John Francis "Honey-Fitz" Fitzgerald was born on February 11, 1863 on Ferry Street in the North End, a then-Irish enclave of Boston. He was the fourth of eleven children born to storekeeper, Thomas Fitzgerald and his wife, Rosanna Cox (some sources list her name as having been Rosemary Murray). According to legend, John acquired the name "Honey-Fitz" because as a boy he loved to dip into the sugar barrel in his father's grocery and liquor store. As a child he worked for his father before becoming a newsboy and later, a tour guide. During these years, John Fitzgerald received his primary education at the Eliot Grammar School.
In 1879, shortly after the death of his mother, he was accepted into the prestigious Boston Latin Academy, and from there, went on to spend a year at Harvard Medical School, before the death of his father forced him to quit so that he could support his younger siblings.
In 1886, "Honey-Fitz" took a Civil Service Exam and landed a job as a clerk in the Boston Customs House. He was such an efficient worker that his boss, Collector of the Port, Leverett Saltonstall, made him a customs inspector. By 1889, "Honey-Fitz" had earned enough money to start his own insurance company and to marry his second-cousin, Mary Josephine "Josie" Hannon. They would have six children: Rose Elizabeth (1890-1995), Agnes (1892-1936), Thomas Acton (1895-1968), John Francis Jr. (1897-1979), Eunice (1900-1923), and Frederick Hannon (1904-1935).
Due to his flamboyant, outgoing personality and his successful business ventures, "Honey-Fitz" soon became the most popular man in the North End, and by 1892 had become the political boss of the entire ward. Unlike other bosses in Boston, "Honey-Fitz" had a desire to run for public offices, and in 1891 he sought election to the Boston Common Council (now City Council). He won and served one term before going on to serve in the Massachusetts State Senate (1893-1895) and the U.S. House of Representatives (1895-1901).

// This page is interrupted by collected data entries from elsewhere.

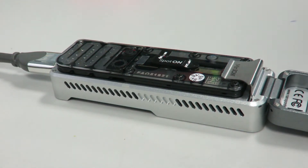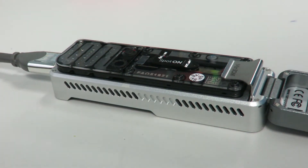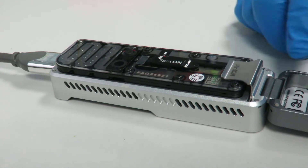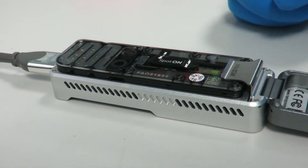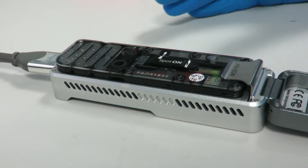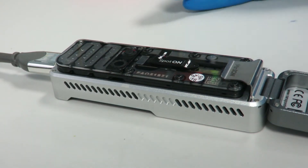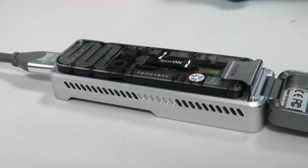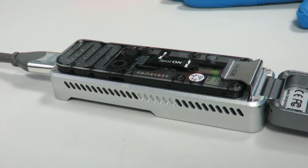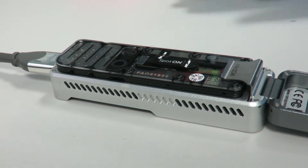Today we're going to go through how to wash the flow cell. Once you've run a sample on the flow cell — if you're only running it for a couple of hours, say just to identify what species you've got — there are going to be active pores left. What you can do is wash it and then add storage buffer back to it, which is the yellow stuff it comes in, and then you should be able to use it again.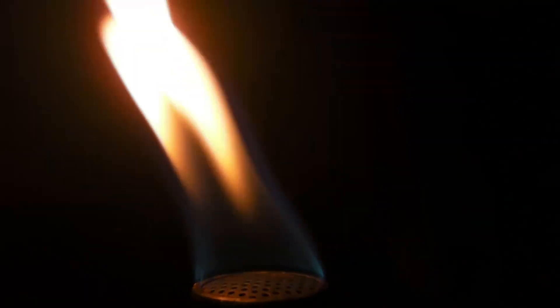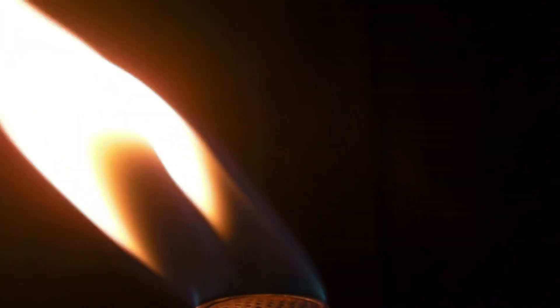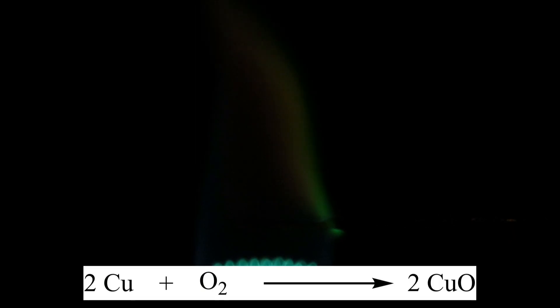First, the Bunsen burner is ignited and the copper wire is heated in the roaring flame until no green flame coloration can be observed anymore. It has to be taken care that no higher amounts of halogenated compounds are in the air, like for example hydrochloric acid or solvents. Due to the heat, the copper reacts to form copper oxide.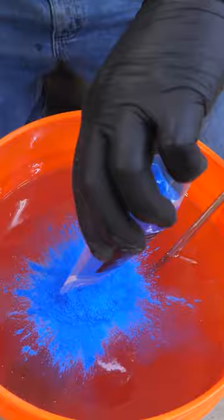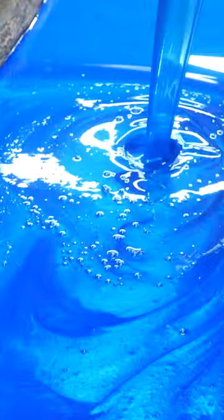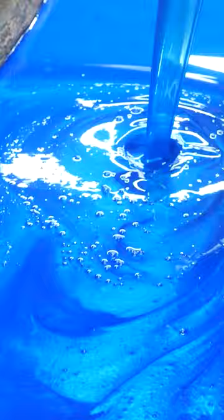First, know your wood. Some wood slabs can cost thousands, but many times people on your local online marketplace are selling slabs they don't even want or need for dirt cheap, so do that research.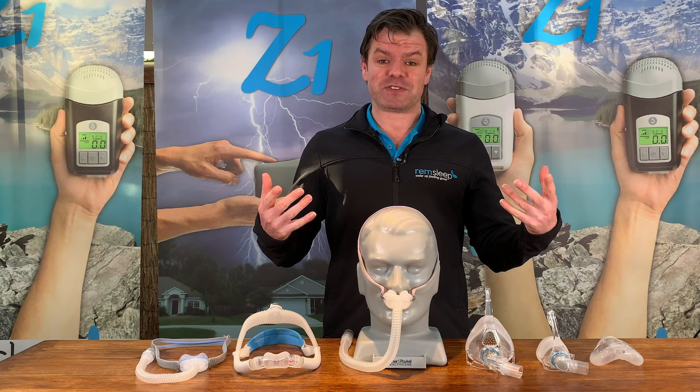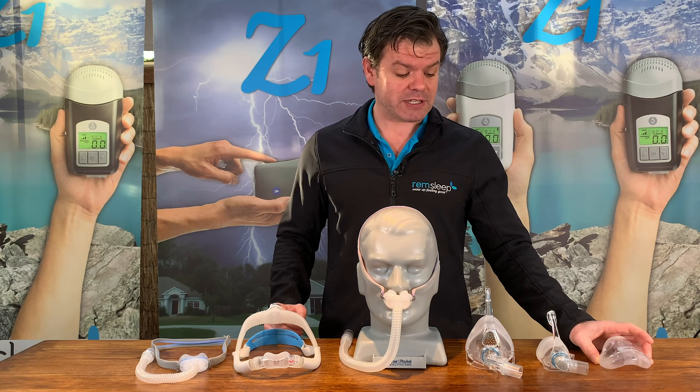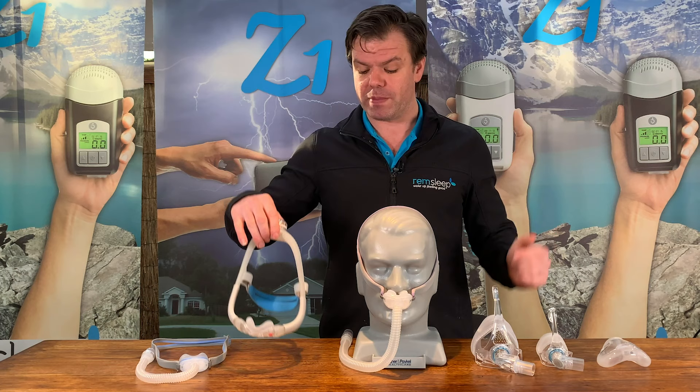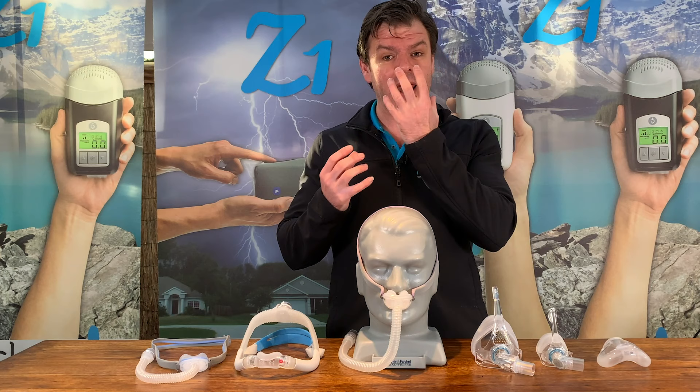Just in front of me here I have the different varieties. Starting on my left, I have the hybrid full face mask, the standard nasal mask, the standard full mask, the nasal pillow or pillow mask, and then these new masks that I refer to as cradle mask or nasal cradle mask. I've removed the headgear from some of the masks just to make it easier to see the actual interface - the part that actually connects with the face - because that's where most of the change is in the variety of masks.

As a Congressman, "Honey-Fitz" quickly proved to be a mover and a shaker, filing legislation that resulted in the construction of the Cape Cod Canal and the Boston Subway System (the first in the nation). "Honey-Fitz" also became known as a champion of Italian, Jewish, and African-American peoples, and his most celebrated moment as a Congressman came when he opposed an anti-immigration bill supported by Republican Senator, Henry Cabot Lodge. When Congress approved the bill, "Honey-Fitz" visited President Grover Cleveland and persuaded him to veto the bill, keeping immigration unrestricted for the next twenty-five years. All this made John F. Fitzgerald a national figure and many people predicted that after running for a fourth Congressional term in 1900, he would seek the mayoralty of Boston in 1901. This frightened other Boston political bosses like Patrick J. "P.J." Kennedy and Martin "the Mahatma" Lomasney, who feared that Fitzgerald was gaining too much power. They blocked his Congressional nomination in 1900, and in 1901, "Honey-Fitz" was out of a job.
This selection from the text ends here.